┌─ DATA RECORDS

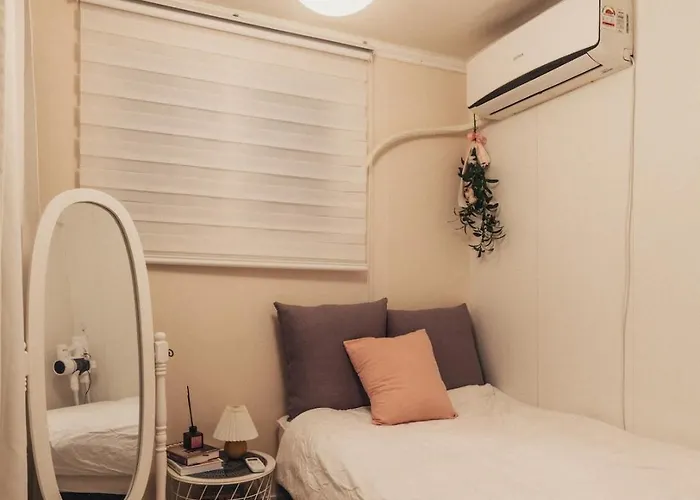 Villa Songpanaru 2rooms 3beds, Kspo, Lotte World, Coex *
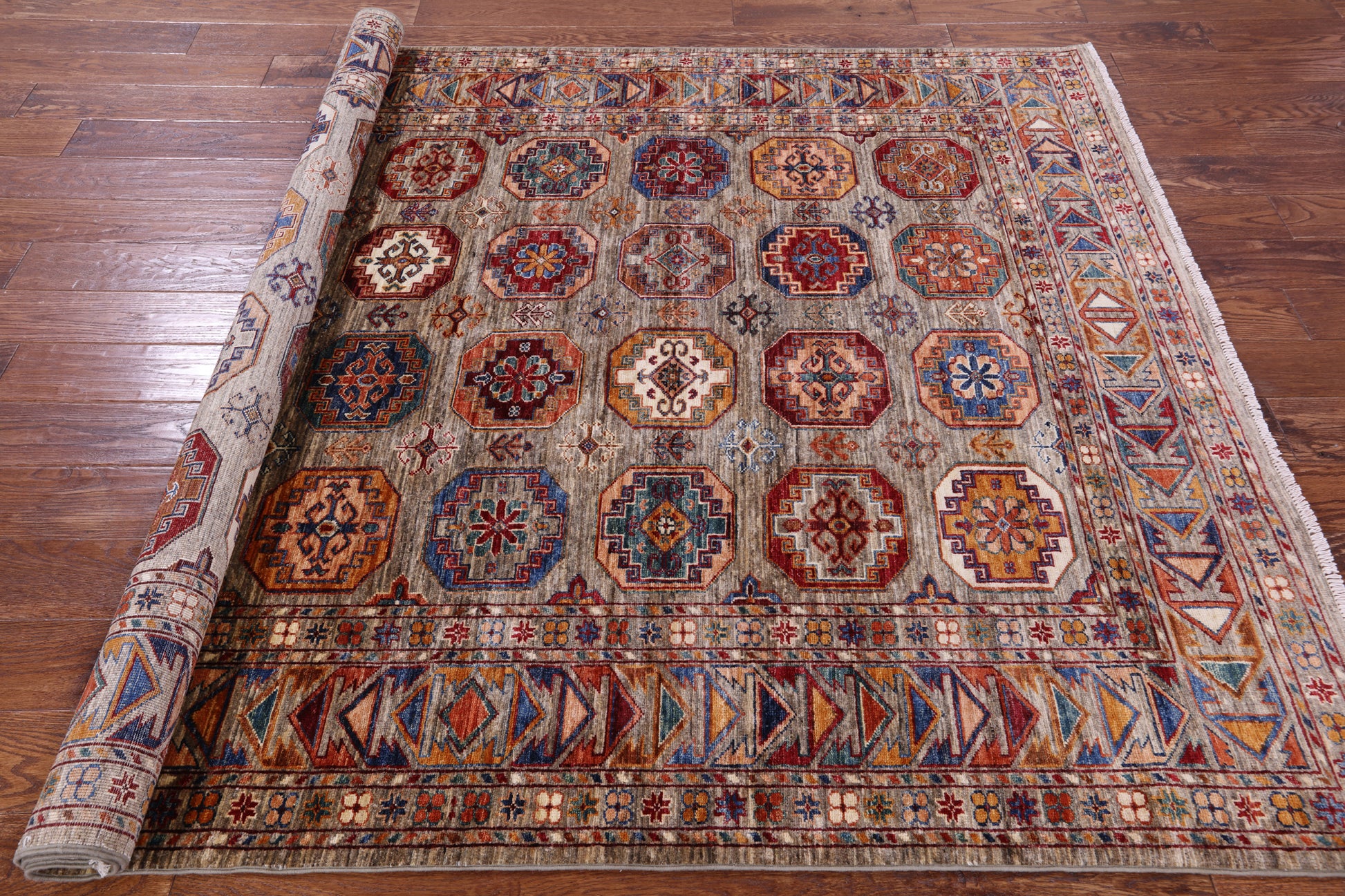 Turkmen Ersari Hand Knotted Wool Rug - 5' 9" X 7' 7" - Golden Nile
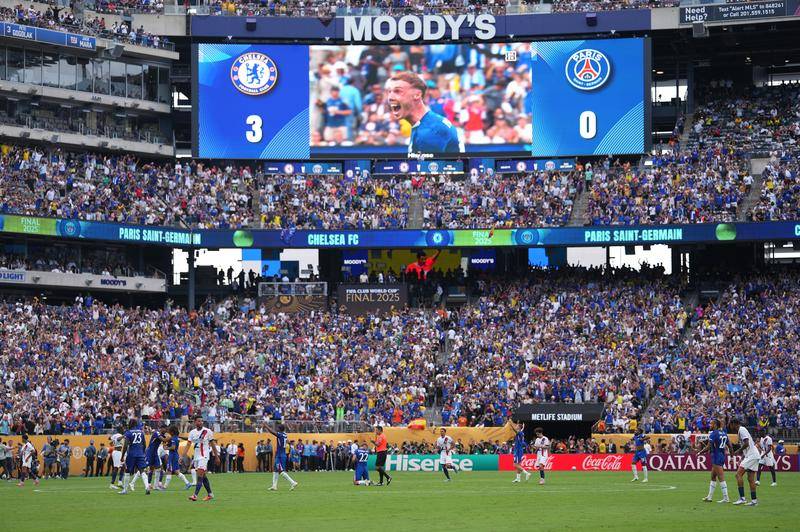 英超前瞻：利物浦有懈可击 新赛季军枪城车四队争冠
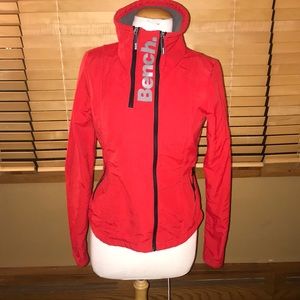Bench jacket red size medium
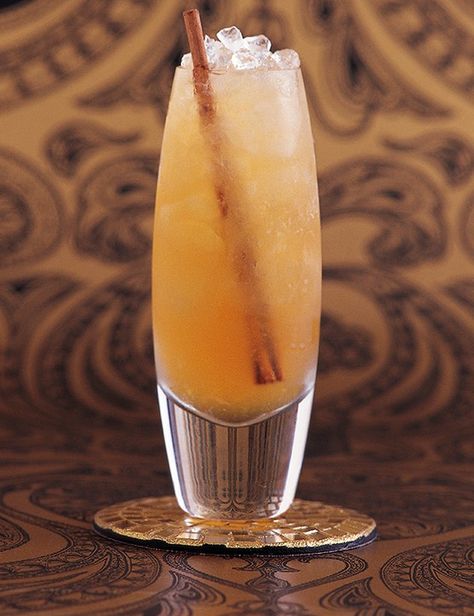 This good-looking rum-based cocktail created by Julien Gualdoni would cause a stir at any drinks party. It combines sharpness from the limes, sweetness from the honey and a floral hit from the elderflower. Pineapple Rum Drinks, Dark Rum Cocktails, Rum Cocktails Easy, Rum Cocktail Recipes, Recipe For Teens, Drinks Party, Vodka Cocktails Recipes, Vanilla Milkshake, Rum Cocktails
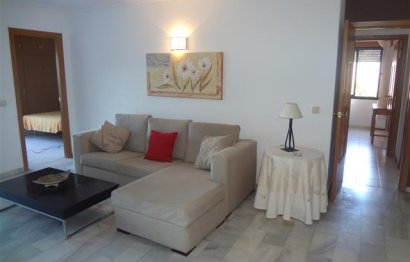 Resale - Apartment - Middle Floor Apartment - Marbella - Nueva Andalucia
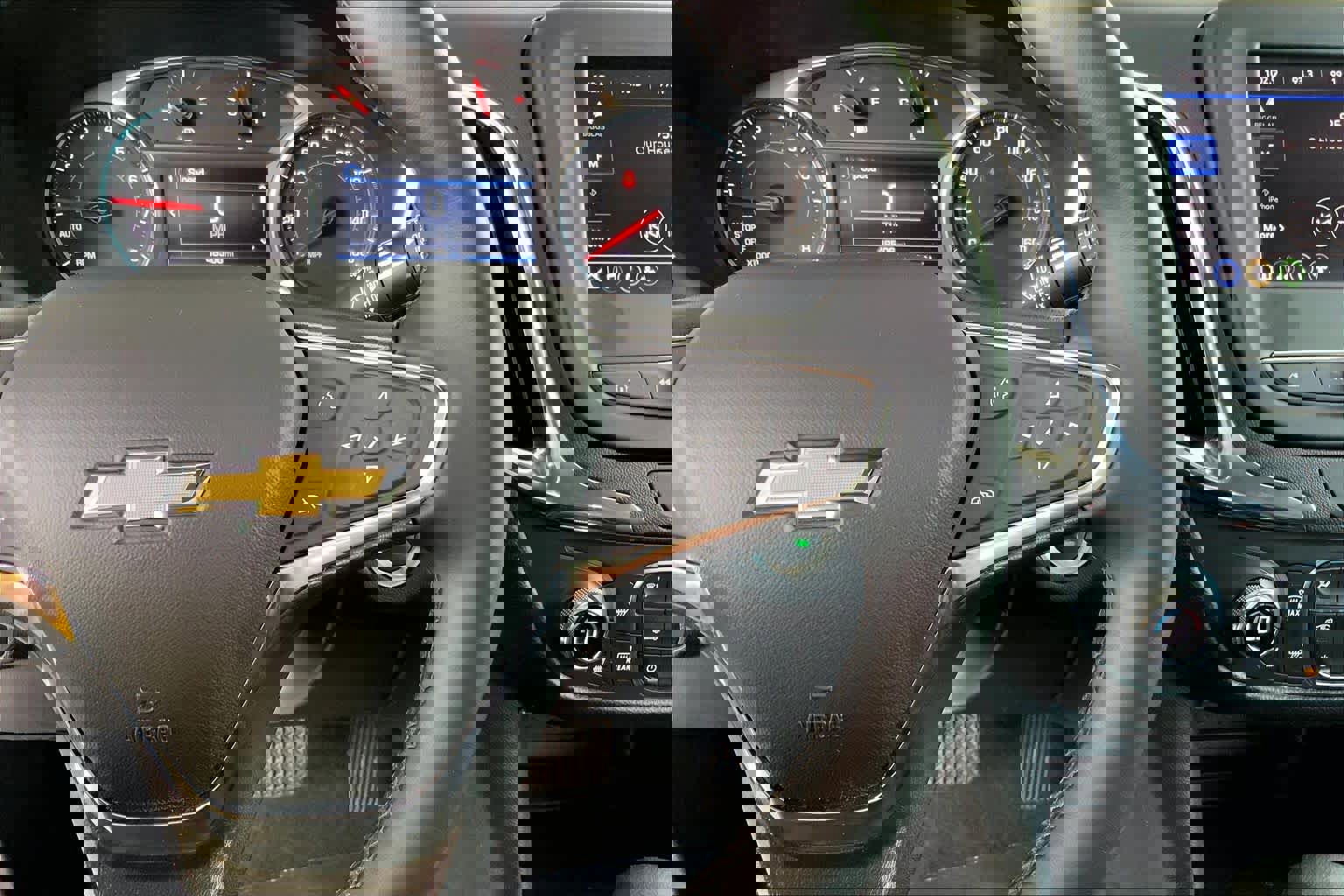 Used 2024 Chevrolet Equinox LT image 48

└─

_ASSIGNED TASK:_
Set down word for word the lines from the first entry through the line with "Bench jacket red size medium", both included, omitting pictures.

_SOLUTION:_
 Villa Songpanaru 2rooms 3beds, Kspo, Lotte World, Coex *
 Turkmen Ersari Hand Knotted Wool Rug - 5' 9" X 7' 7" - Golden Nile
 英超前瞻：利物浦有懈可击 新赛季军枪城车四队争冠
Bench jacket red size medium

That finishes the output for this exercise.